Mumbai: ‘Gehraiyaan’ is a slow-burn, captivating, noir drama that draws you into its immersive narrative, which tells us, “Life is all about choices. … Let’s put all this behind us and move on.”
Shots of the deep sea and its rolling waves form a subtle leitmotif in the film that reminds you of life’s mysteries, innumerable choices, and the momentum of moving on.
But are choices and moving on so simple? At least not for Alisha, a yoga instructor in Mumbai who is at the crossroads of her life. She has a strained relationship with her father, who lives in Nashik.
She is also haunted by memories of her mother’s demise. Moreover, there are roadblocks in the way of her entrepreneurial endeavours, and the spark in her six-year-old relationship with Karan, an aspiring author, seems to have petered out.
But when she catches up with younger cousin Tia and her fiancé Zain, sparks fly between her and Zain. She gets drawn to him. Then, burdened with the uncertainty of their relationship, she tries to stay away from Zain. But eventually, after Zain convinces her that the feeling is mutual, she inevitably gives in to the relationship.
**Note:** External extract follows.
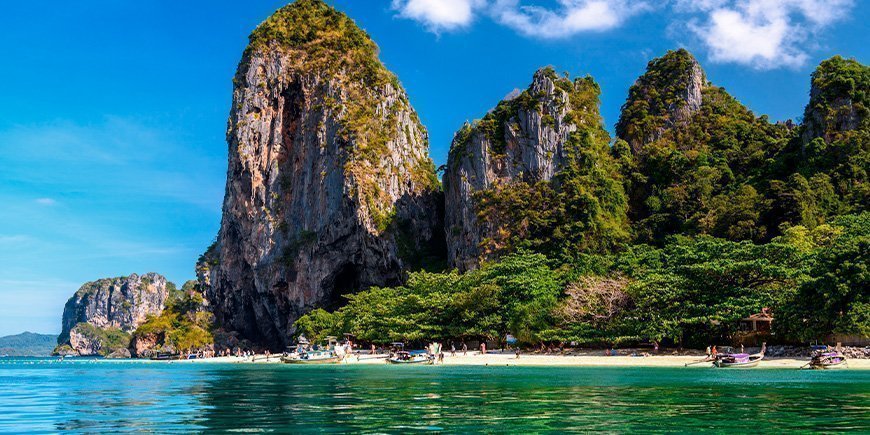 Kalksteinsklipper på Phra Nang Beach i Thailand.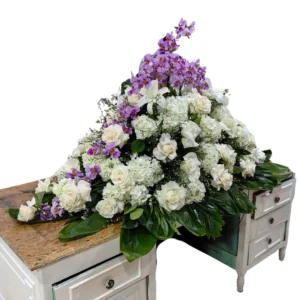 Cubre Caja Fúnebre Con flores Lila Y Flores Blancas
So far, so good, but when the plot abruptly shifts gear from romance to noir, ‘Gehraiyaan’ becomes an altogether less predictable, more volatile story whose twists and turns revolve around the selfishness of human beings and the desperate lengths to which it can drive people.
Craftily, the plot is tense on the brink of a psychological drama with its painful uncertainties, extremes of emotions, and the onslaught of hormones. The struggle to strike a balance is innately dramatic.
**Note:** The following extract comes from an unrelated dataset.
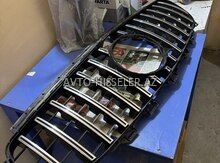 Mercedes W213 Radiator Barmaqlığı və Spoyleri — Bakı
Director Shakun Batra’s cleverness lies in fashioning from these ingredients a relaxed but stylish thriller in which suspense is accompanied by a scuffle for survival instinct and, perhaps toughest of all, hope.
Deepika and Siddhant, as Alisha and Zain, are sincere in their roles; attractive and responsive with an instinctive ability for calm expression and restrained emotions. They create a completely trustworthy pair of complementary forces.
Supporting them with equal fervour are Ananya Panday and Dhairya Karwa as Tia and Karan. They both are impressive and earnest.
Naseeruddin Shah as Alisha’s laid-back dad, and Rajat Kapoor as Zain’s cold and calculating colleague, are both stoically effective but perfunctorily limited by the script.
Mounted with ace production values, cinematographer Kaushal Shah’s location shots, inland or over water, in Alibaug or in Mumbai, look grim and evocative, perfectly in line with the film’s breathtaking rhythm.
Overall, ‘Gehraiyaan’ keeps you hooked till the end.